[Bloat] capturing packets and applying qdiscs

Thu Mar 26 21:19:47 EDT 2015

On Thu, Mar 26, 2015 at 2:39 PM, Isaac Konikoff
<konikofi at candelatech.com> wrote:
> Hi All,
>
> Looking for some feedback in my test setup...
>
> Can you please review my setup and let me know how to improve my application
> of the qdiscs? I've been applying manually, but I'm not sure that is the
> best method, or if the values really make sense. Sorry if this has been
> covered ad nauseum in codel or bloat threads over the past 4+ years...
>
> I've been capturing packets on a dedicated monitor box using the following
> method:
>
> tshark -i moni1 -w <file>
>
> where moni1 is ath9k on channel 149 (5745 MHz), width: 40 MHz, center1: 5755
> MHz

For those of you that don't know how to do aircaps, it is pretty easy.
We are going to be doing a lot more of this as make-wifi-fast goes
along, so...

install aircrack-ng via whatever means you have available (works best
on ath9k, seems to work on iwl, don't know about other devices)

run:

airmon-ng start your_wifi_device your_channel

This will create a monX device of some sort, which you can then
capture with tshark or wireshark. There are all sorts of other cool
features here where - for example - you can post-hoc decrypt a wpa
session, etc.

Note that usually you will have trouble using the device for other
things, so I tend to just run it with the ethernet also connected.

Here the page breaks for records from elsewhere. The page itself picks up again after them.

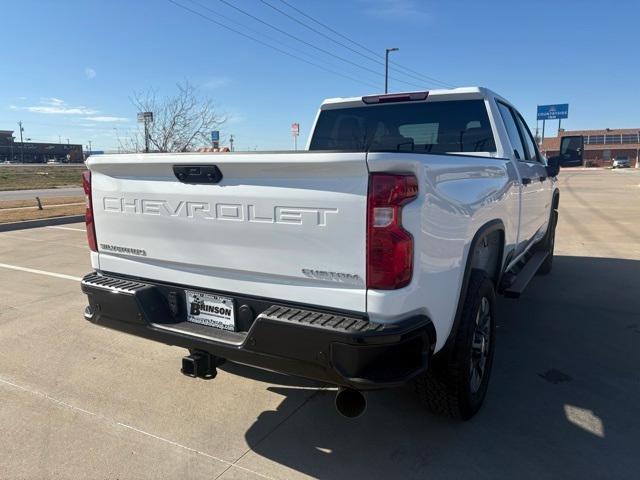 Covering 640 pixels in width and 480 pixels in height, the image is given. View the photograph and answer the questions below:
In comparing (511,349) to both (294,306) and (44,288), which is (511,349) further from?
(44,288)

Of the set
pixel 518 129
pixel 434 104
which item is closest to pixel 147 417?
pixel 434 104

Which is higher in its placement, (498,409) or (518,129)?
(518,129)

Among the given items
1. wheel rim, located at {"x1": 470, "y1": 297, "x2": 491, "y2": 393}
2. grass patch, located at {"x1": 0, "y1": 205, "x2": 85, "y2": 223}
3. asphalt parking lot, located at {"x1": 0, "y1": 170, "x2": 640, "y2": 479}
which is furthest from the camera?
grass patch, located at {"x1": 0, "y1": 205, "x2": 85, "y2": 223}

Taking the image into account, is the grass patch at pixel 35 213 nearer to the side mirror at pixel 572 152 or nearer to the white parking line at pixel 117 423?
the white parking line at pixel 117 423

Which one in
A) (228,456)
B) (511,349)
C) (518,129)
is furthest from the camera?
(518,129)

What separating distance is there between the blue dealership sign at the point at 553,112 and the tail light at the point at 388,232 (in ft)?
232

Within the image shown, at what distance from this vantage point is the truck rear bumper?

We are in dire need of tools that can analyze aircap'd stuff at
different rates, look at beacons, interpacket gaps, wireless g
fallbacks, etc. If anyone knows f anything good, please post to the
list.

> The system under test is a lanforge ath10k ap being driven by another
> lanforge system using ath9k clients to associate and run traffic tests.
>
> The two traffic tests I'm running are:
>
> 1. netperf-wrapper batch consisting of:  tcp_download, tcp_upload,
> tcp_bidirectional, rrul, rrul_be and rtt_fair4be on 4 sta's.

Cool.

> 2. lanforge wifi capacity test using tcp-download incrementing 4 sta's per
> minute up to 64 sta's with each iteration attempting 500Mbps download per x
> number of sta's.
>
> The qdiscs I am using are applied to the virtual ap interface which is the
> egress interface for download tests. I also applied the same qdisc to the
> ap's eth1 for the few upload tests. Is this sane?
>
> qdiscs used, deleting each before trying the next:
> 1. default pfifo_fast
> 2. tc qdisc add dev vap1 root fq_codel
> 3. tc qdisc add dev vap1 root fq_codel target 5ms interval 100ms noecn

1) Test 2 and test 3 are essentially the same, unless you have also
enabled ecn on both sides of the tcp connection with

sysctl -w net.ipv4.tcp_ecn=1 #or the equivalent in sysctl.conf

The ecn vs non-ecn results tend to smoother results for tcp and mildly
higher packet loss on the measurement flows.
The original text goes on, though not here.